The #[no_mangle] is to improve readability in the resulting ASM. The #inline(never) and the random_enough_value as well as the black_box are used to prevent LLVM to optimize things we don't want to be optimized. The generated ASM of this (in release mode!) with some cleanup looks like:

with_for:                       |   with_while:
    testq   %rdi, %rdi          |       testq   %rdi, %rdi
    je  .LBB0_3                 |       je  .LBB1_3
    decq    %rdi                |   
    leaq    -8(%rsp), %rax      |       leaq    -8(%rsp), %rax
.LBB0_2:                        |   .LBB1_2:
    movq    %rdi, -8(%rsp)      |       movq    %rdi, -8(%rsp)
    decq    %rdi                |       decq    %rdi
    cmpq    $-1, %rdi           |       
    jne .LBB0_2                 |       jne .LBB1_2
.LBB0_3:                        |   .LBB1_3:
    retq                        |       retq

The only difference is that with_while has two instructions less, because it's counting down to 0 instead of -1, like with_for does.

Conclusion: if you can tell that the asymptotic runtime is optimal, you should probably not think about optimization at all. Modern optimizers are clever enough to compile high level constructs down to pretty perfect ASM. Often, data layout and resulting cache efficiency is much more important than a minimal count of instructions, anyway.
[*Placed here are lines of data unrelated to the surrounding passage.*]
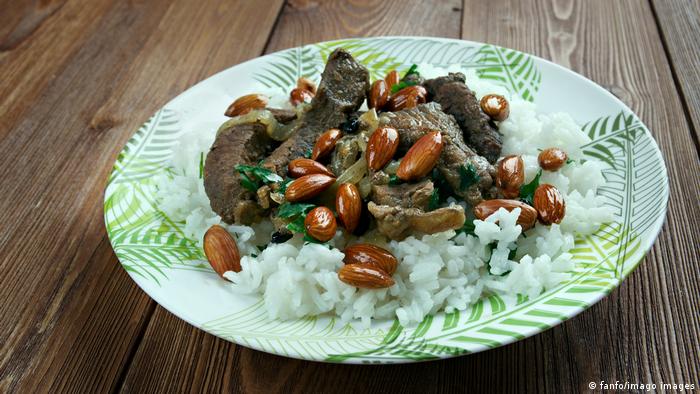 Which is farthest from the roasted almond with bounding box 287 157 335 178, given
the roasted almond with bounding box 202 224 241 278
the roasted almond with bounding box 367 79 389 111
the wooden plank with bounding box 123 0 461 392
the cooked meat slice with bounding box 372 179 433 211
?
the wooden plank with bounding box 123 0 461 392

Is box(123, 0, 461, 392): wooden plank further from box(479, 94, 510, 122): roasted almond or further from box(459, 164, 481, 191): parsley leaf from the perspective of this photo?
box(479, 94, 510, 122): roasted almond

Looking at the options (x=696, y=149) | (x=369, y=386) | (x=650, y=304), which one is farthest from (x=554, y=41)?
(x=369, y=386)

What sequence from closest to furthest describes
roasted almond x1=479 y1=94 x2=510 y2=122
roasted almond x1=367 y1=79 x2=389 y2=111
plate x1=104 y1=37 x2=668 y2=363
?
plate x1=104 y1=37 x2=668 y2=363, roasted almond x1=479 y1=94 x2=510 y2=122, roasted almond x1=367 y1=79 x2=389 y2=111

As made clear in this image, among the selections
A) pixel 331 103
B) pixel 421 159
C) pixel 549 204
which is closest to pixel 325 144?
pixel 331 103

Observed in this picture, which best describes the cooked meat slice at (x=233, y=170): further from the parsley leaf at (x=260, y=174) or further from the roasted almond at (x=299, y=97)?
the roasted almond at (x=299, y=97)

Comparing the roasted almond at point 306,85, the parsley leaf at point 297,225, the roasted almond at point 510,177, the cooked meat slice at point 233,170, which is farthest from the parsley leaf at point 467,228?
the roasted almond at point 306,85

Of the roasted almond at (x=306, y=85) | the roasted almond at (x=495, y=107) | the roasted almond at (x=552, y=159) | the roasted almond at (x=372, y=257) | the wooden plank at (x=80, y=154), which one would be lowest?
the wooden plank at (x=80, y=154) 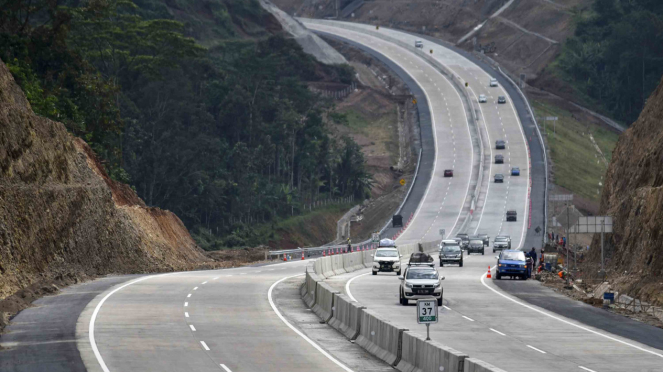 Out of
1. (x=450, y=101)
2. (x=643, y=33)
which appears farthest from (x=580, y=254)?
(x=643, y=33)

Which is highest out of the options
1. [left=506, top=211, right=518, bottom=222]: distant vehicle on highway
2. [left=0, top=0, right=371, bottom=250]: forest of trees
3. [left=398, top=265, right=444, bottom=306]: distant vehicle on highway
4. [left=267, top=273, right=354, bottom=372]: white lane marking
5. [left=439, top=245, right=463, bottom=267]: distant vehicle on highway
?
[left=0, top=0, right=371, bottom=250]: forest of trees

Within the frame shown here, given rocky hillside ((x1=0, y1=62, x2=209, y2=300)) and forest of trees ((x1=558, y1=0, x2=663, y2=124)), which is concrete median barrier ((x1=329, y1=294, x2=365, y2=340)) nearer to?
rocky hillside ((x1=0, y1=62, x2=209, y2=300))

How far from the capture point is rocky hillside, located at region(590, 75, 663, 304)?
45300 millimetres

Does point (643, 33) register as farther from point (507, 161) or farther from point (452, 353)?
point (452, 353)

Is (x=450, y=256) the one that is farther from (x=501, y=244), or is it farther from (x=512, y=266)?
(x=501, y=244)

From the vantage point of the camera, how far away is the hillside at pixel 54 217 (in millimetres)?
42656

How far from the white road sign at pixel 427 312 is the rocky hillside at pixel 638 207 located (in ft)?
68.5

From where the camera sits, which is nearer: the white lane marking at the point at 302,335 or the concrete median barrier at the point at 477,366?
the concrete median barrier at the point at 477,366

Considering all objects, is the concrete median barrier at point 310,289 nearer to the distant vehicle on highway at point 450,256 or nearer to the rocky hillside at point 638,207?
the rocky hillside at point 638,207

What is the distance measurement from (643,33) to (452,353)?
A: 171269 mm

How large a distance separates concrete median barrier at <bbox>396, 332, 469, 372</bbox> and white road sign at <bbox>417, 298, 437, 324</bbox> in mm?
444

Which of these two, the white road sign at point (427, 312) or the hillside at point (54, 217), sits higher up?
the hillside at point (54, 217)

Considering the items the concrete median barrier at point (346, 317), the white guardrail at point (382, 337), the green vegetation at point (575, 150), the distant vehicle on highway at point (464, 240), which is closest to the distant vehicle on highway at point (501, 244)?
the distant vehicle on highway at point (464, 240)

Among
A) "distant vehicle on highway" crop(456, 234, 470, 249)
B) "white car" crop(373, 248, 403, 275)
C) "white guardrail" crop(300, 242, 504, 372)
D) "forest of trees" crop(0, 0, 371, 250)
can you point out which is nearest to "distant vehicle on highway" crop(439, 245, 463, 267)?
"white car" crop(373, 248, 403, 275) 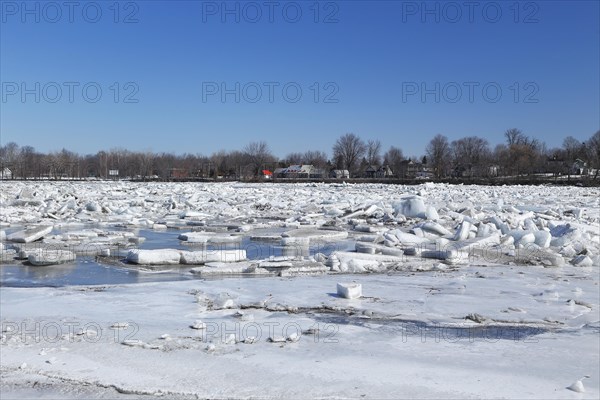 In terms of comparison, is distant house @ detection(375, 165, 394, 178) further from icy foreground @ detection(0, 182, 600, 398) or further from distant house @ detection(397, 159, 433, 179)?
icy foreground @ detection(0, 182, 600, 398)

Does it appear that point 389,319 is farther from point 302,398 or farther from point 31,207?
point 31,207

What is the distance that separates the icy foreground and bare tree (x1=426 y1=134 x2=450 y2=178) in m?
78.2

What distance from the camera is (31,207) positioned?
749 inches

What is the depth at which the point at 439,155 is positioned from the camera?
87938 millimetres

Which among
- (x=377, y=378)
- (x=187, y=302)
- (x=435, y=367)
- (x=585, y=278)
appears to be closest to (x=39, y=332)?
(x=187, y=302)

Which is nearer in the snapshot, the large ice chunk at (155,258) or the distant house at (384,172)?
the large ice chunk at (155,258)

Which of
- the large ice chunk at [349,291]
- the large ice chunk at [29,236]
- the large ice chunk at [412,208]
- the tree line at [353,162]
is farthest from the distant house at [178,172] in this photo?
the large ice chunk at [349,291]

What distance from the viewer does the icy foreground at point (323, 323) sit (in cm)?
366

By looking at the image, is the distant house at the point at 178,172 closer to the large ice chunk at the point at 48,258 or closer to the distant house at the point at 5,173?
the distant house at the point at 5,173

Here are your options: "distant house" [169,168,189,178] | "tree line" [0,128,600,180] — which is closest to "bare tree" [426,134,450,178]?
"tree line" [0,128,600,180]

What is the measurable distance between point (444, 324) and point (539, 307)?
4.49 feet

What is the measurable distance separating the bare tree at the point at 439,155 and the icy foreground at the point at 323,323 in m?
78.2

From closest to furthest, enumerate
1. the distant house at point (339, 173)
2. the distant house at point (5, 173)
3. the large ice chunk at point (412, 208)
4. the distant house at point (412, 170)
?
the large ice chunk at point (412, 208) → the distant house at point (5, 173) → the distant house at point (412, 170) → the distant house at point (339, 173)

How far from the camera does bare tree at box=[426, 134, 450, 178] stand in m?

If you actually need to think about optimization though, look at the ASM (or LLVM IR). In this case the for loop is actually a bit slower (more instructions, comparison with -1 instead of 0). But the number of cases where a Rust programmers should care about this, is probably miniscule.

Lukas Kalbertodt
  • 79,749
  • 26
  • 255
  • 305
1

For small N, it really shouldn't matter.

Rust is lazy on iterators; 0..n won't cause any evaluation until you actually ask for an element. rev() asks for the last element first. As far as I know, the Rust counter iterator is clever and doesn't need to generate the first N-1 elements to get the Nth one. In this specific case, the rev method is probably even faster.

In the general case, it depends on what kind of access paradigm and access time your iterator has; make sure that accessing the end takes constant time, and it doesn't make a difference.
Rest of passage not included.